His career averages were just 2.9 points and 1.8 rebounds per game, and after playing for 6 different teams in 4 seasons, he was out of the NBA. Following his NBA exit, he played professionally in Spain, Greece, Italy, Iran, and Lebanon for a total of nine years. In late September 2015, he attempted to make his NBA comeback by signing with the LA Clippers, but they would wave him just 10 days later. Following this failed comeback, he had stints with teams in China, Japan, Lebanon, and his native Georgia. Ultimately, he would return to Lebanon, where he still plays professionally to this day as the starting center for Beirut Club.
Anthony Bennett – No. 1 overall pick, 2013 draft, Cleveland Cavaliers
The 2013 draft class was not considered particularly strong by scouts and executives, but it did give us some very notable players down the line such as Giannis Antetokounmpo, Victor Oladipo, and Rudy Gobert. Despite the class’ perceived lack of star power and depth, the Cavaliers surprised everyone by taking Anthony Bennet with the first overall pick, including Bennet himself.
He was a player stuck between two positions, small forward and power forward, and showing up to training camp overweight and out of shape didn’t help his case. The coaching staff and executives in Cleveland started questioning his work ethic and his fit with the team, as he was finding no success at either the small forward or the power forward position.
He spent each of his 4 NBA seasons on a different team until he was waived by the Nets in early 2017. With no other team willing to give him a contract, he was out of the league. Fenerbahçe, a Turkish team that played in the Euroleague, eventually signed him on a 1+1 year contract. There he averaged just 1.2 points in 6.3 minutes per game, and he was released from the team after his first season. Currently, he is putting together solid performances for the Agua Caliente Clippers of the NBA G-league as he is still attempting to make his NBA comeback.
Adam Morrison – No. 3 overall pick, 2006 draft, Charlotte Bobcats
In his junior NCAA season, Morrison put together such dominant performances playing for Gonzaga that some scouts argued he should be the first overall pick in the 2006 draft. He was not extremely tall or athletic, but he did have an incredible skill set and mental toughness few other players possessed. By the time the 2006 NBA draft came, people were calling him the next Larry Bird. This was enough for the Bobcats to take him with the third overall pick in 2006.
When the 06/07 NBA season started, Morrison was putting up decent scoring numbers for a rookie (11.8 points per game), but he wasn’t the same shooter he was in college (only 37.6% from the field), and he had serious problems on defense due to his lack of quickness. He would miss his entire sophomore season due to a torn ACL, and the team traded to the Lakers in 2009. He did win two championship rings with the Lakers while averaging just 2.2 points in 7.3 minutes per game but saw no playing time in the finals. He was out of the NBA in the summer of 2010.
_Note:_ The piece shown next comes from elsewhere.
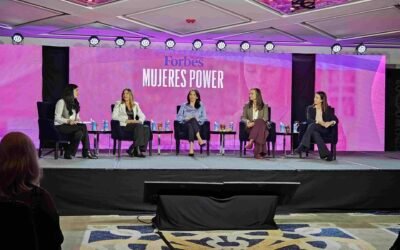Panelistas participan en el Forbes Mujeres Power Summit.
He would briefly play overseas in Serbia and Turkey, and he ultimately left his team in Turkey due to a lack of playing time. Following a decent NBA Summer League showing with the LA Clippers in 2012, Morrison attempted an NBA comeback and signed with the Trail Blazers in September 2012, but the team waived him a month later. Fortunately for him, his uncle helped him invest the money he earned in the NBA wisely, so he could support his family and not worry about bankrupting like many former NBA players. Out of the NBA for good, he tried his hand at coaching at Gonzaga, but he left that job because he wanted to spend more time with his kids. Currently, he’s working as a radio analyst, and according to his own words, lives like a typical soccer-dad.